● **TASK REQUIREMENTS**: Could you reproduce all the entries under this sentence exactly, leaving the images aside?

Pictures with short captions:
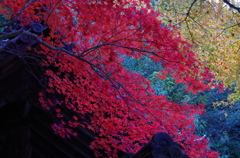松尾寺と紅葉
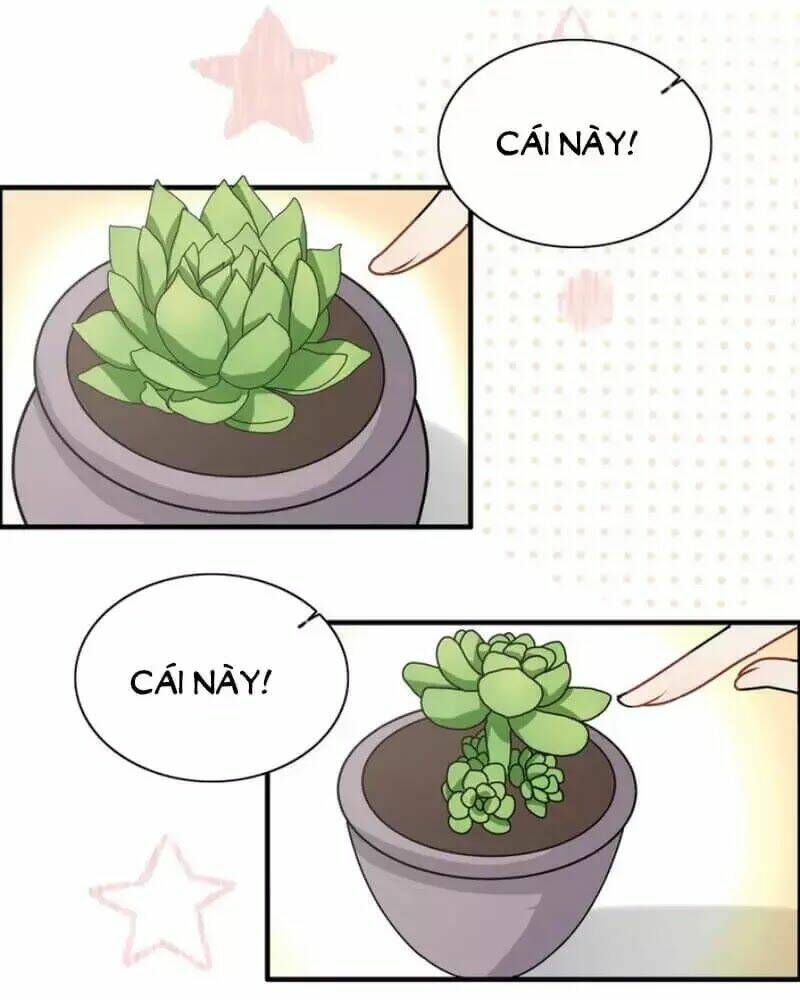 đọc truyện Cô Vợ Hợp Đồng Bỏ Trốn Của Tổng Giám Đốc Chương 237 ảnh 63 tại Thiên Thai Truyện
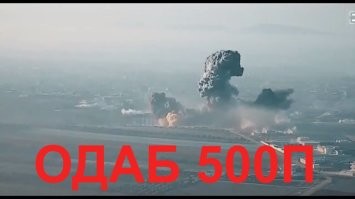 С такими жуткими тварями остается один метод. Главное перед применением уцелевших жильцов увести подальше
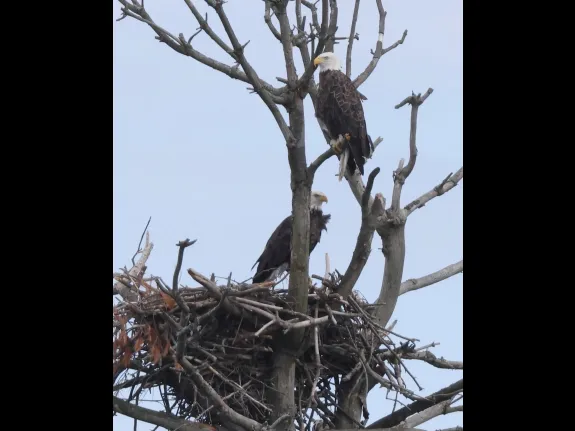 A pair of bald eagles at the Sudbury Reservoir in Southborough, photographed by Steve Forman.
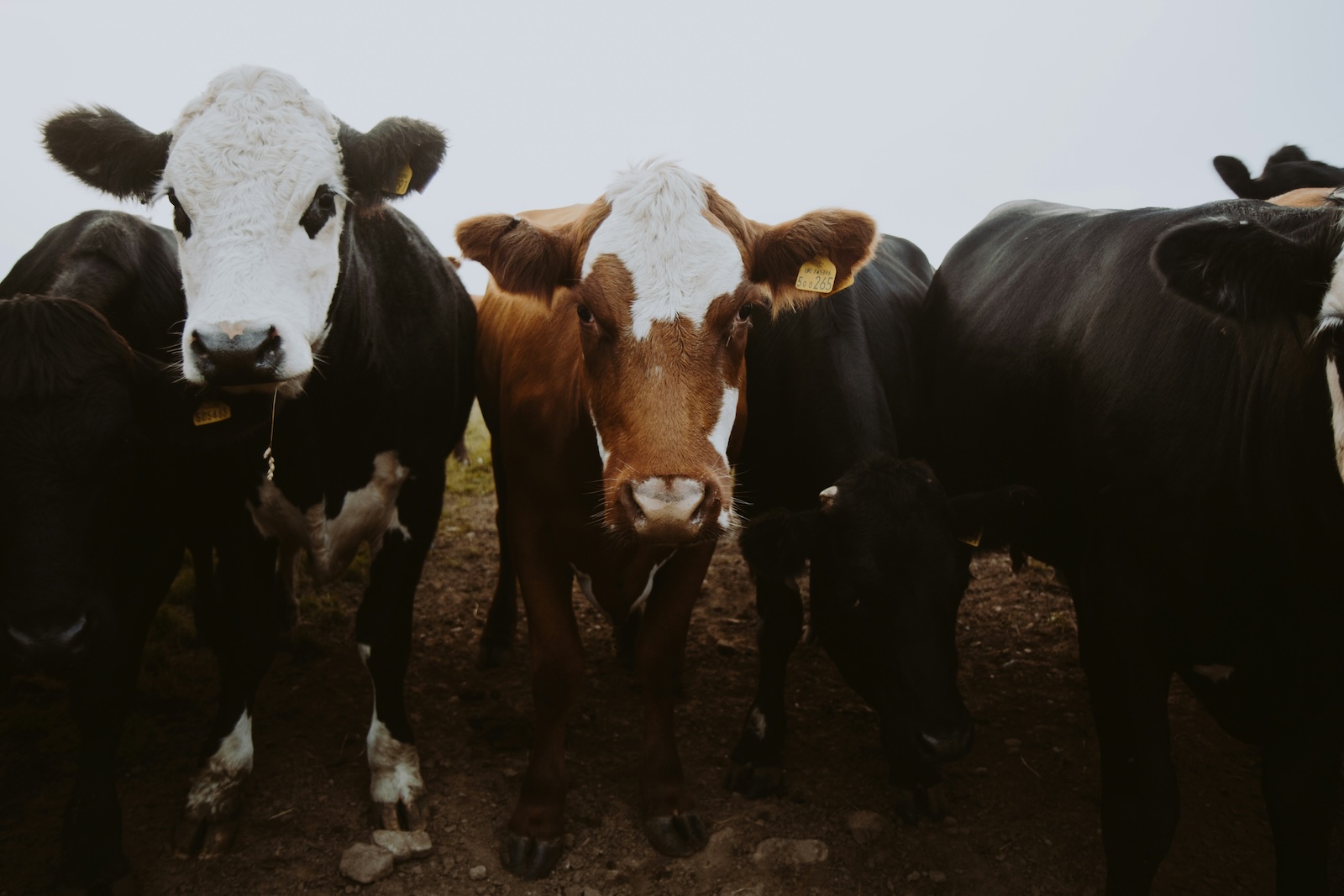 three cows facing the camera and filling the frame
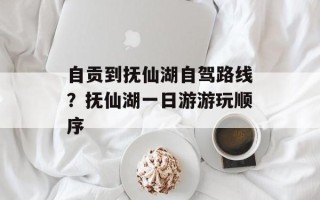 自贡到抚仙湖自驾路线？抚仙湖一日游游玩顺序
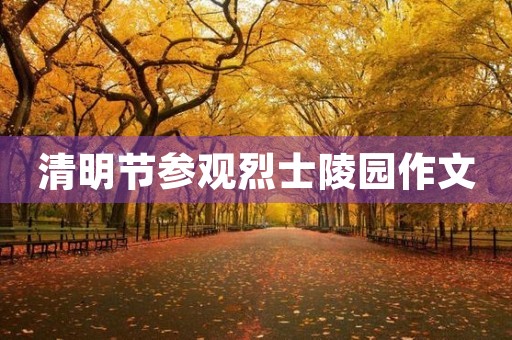清明节参观烈士陵园作文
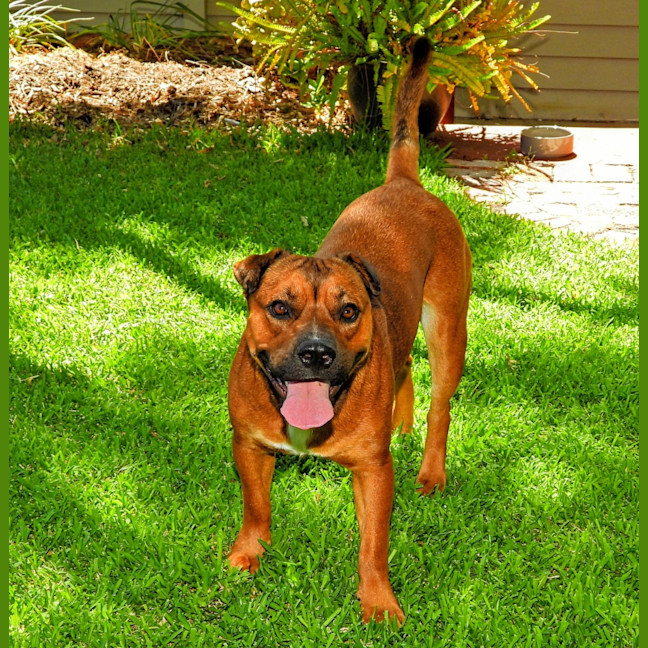 Photo of Princess (Prinny)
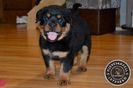 Mascul Rottweiler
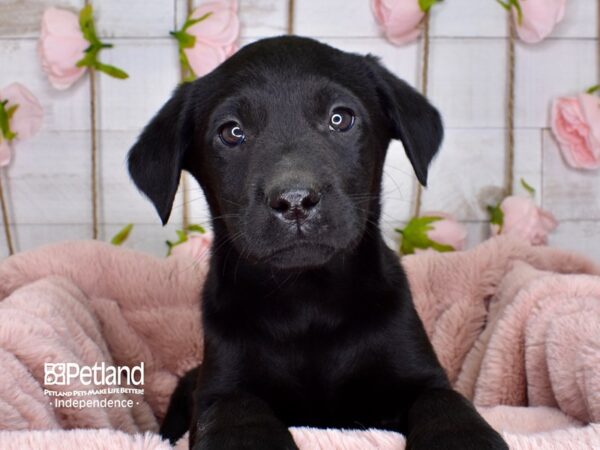 Labrador Retriever-DOG-Female-Black-3728-Petland Independence, Missouri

● **EXERCISE SOLUTION**:
松尾寺と紅葉
 đọc truyện Cô Vợ Hợp Đồng Bỏ Trốn Của Tổng Giám Đốc Chương 237 ảnh 63 tại Thiên Thai Truyện
 С такими жуткими тварями остается один метод. Главное перед применением уцелевших жильцов увести подальше
 A pair of bald eagles at the Sudbury Reservoir in Southborough, photographed by Steve Forman.
 three cows facing the camera and filling the frame
 自贡到抚仙湖自驾路线？抚仙湖一日游游玩顺序
清明节参观烈士陵园作文
 Photo of Princess (Prinny)
 Mascul Rottweiler
 Labrador Retriever-DOG-Female-Black-3728-Petland Independence, Missouri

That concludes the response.